The best Buddhist books from lesser-known women authors to help us navigate these times

Who am I?

There are so many good spiritual books out there that get little attention, especially books by women and women of color. I have been a meditation practitioner for three decades, running a mindfulness center at UCLA, and been teaching and sharing Buddhist and mindfulness teaching for 20+ years. I need my sources of inspiration too! Each of these books forced me to think—and brought new depth to my own meditation practice. I am interested in how the Buddhist and mindfulness teachings, which I love so deeply, can help us build resiliency and weather the challenges of the intersecting, current ecological, political and social crises.

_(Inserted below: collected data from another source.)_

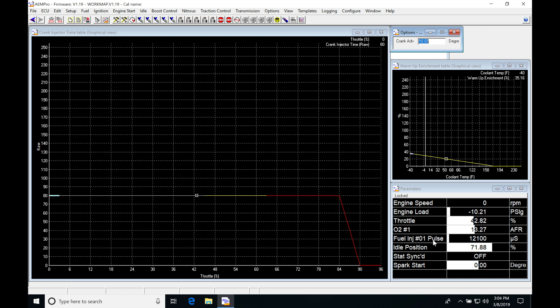The fuel injector number one pulse, this is going to be what we're going to be delivering. When we're actually cranking the engine over, we can see that it's going to show 12,100 microseconds.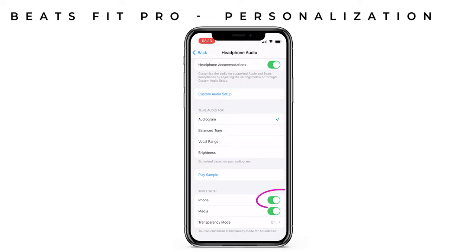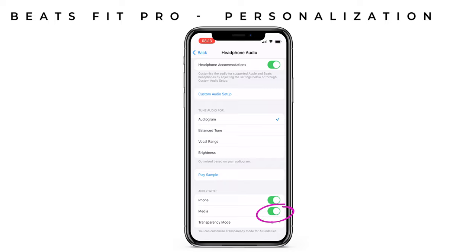After you've performed the testing, you can choose if you want to have the sound adjusted for the outputs of your headphones for phone calls, FaceTime calls and any third party video apps by turning on the phone setting. Or turn on the media setting to apply the changes to music, movies, podcasts, audiobooks, Siri, voicemail and live listen.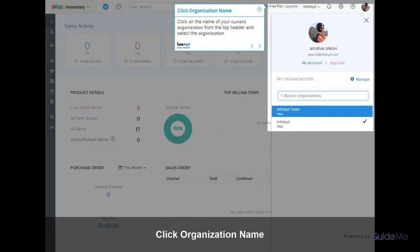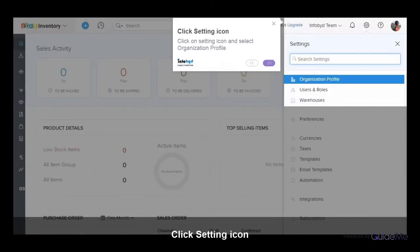Click on the name of your current organization from the top header and select the organization. Then click on the settings icon and select organization profile.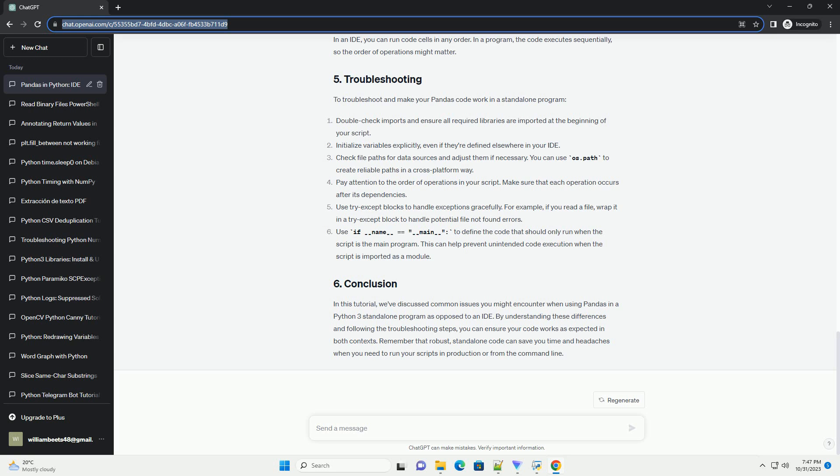To troubleshoot and make your Pandas code work in a standalone program: Double-check imports and ensure all required libraries are imported at the beginning of your script. Initialize variables explicitly, even if they're defined elsewhere in your IDE. Check file paths for data sources and adjust them if necessary.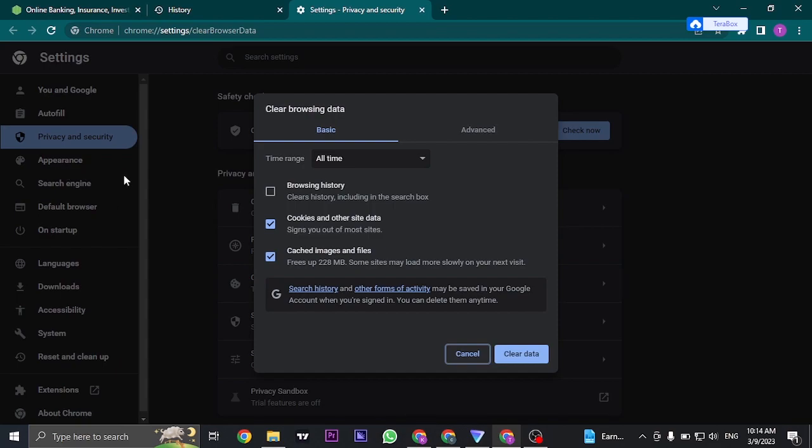Through this section you'll see these options. Make sure that cookies and other site data, also cache images and files, are selected. Once you select these you can click on clear data.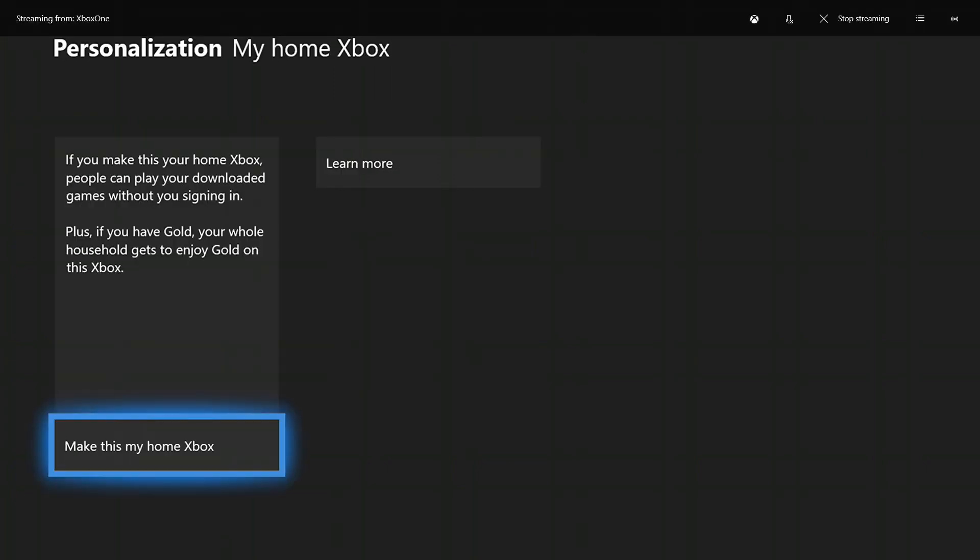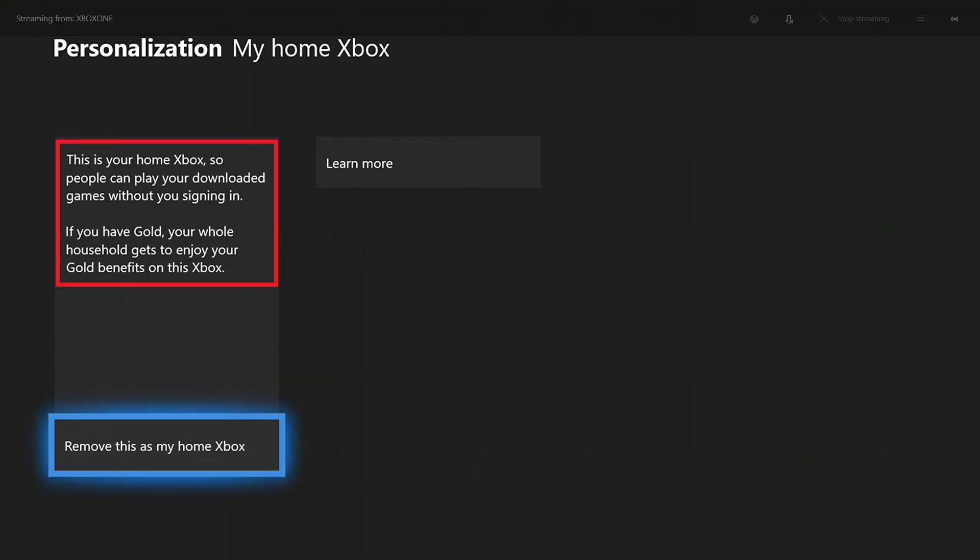The My Home Xbox screen appears. Step 5: Select Make This My Home Xbox, and then press A on the Xbox One controller. The message on the screen changes to say this is your home Xbox, and that people can play your downloaded games on this console without you having to sign in to your account.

These books are a great start.


I wrote...

The Little Book of Being: Practices and Guidance for Uncovering Your Natural Awareness

By Diana Winston,

Book cover of The Little Book of Being: Practices and Guidance for Uncovering Your Natural Awareness

What is my book about?

This book is a guide to what I call natural awareness—the luminous, radiant quality of mind—that I believe everyone can have access to. Think about being in nature and feeling at peace, at home, connected… it’s part of being human. The book is filled with short chapters and “glimpse practices” for us to explore natural awareness along with other meditation practices. I weave in a lot of personal stories, instructions, and ways to practice in the midst of daily life. People have enjoyed the book for demystifying meditation, while showing that profound states of well-being are possible for every one of us! This book has been found useful for both newbies and those with a long-term meditation practice.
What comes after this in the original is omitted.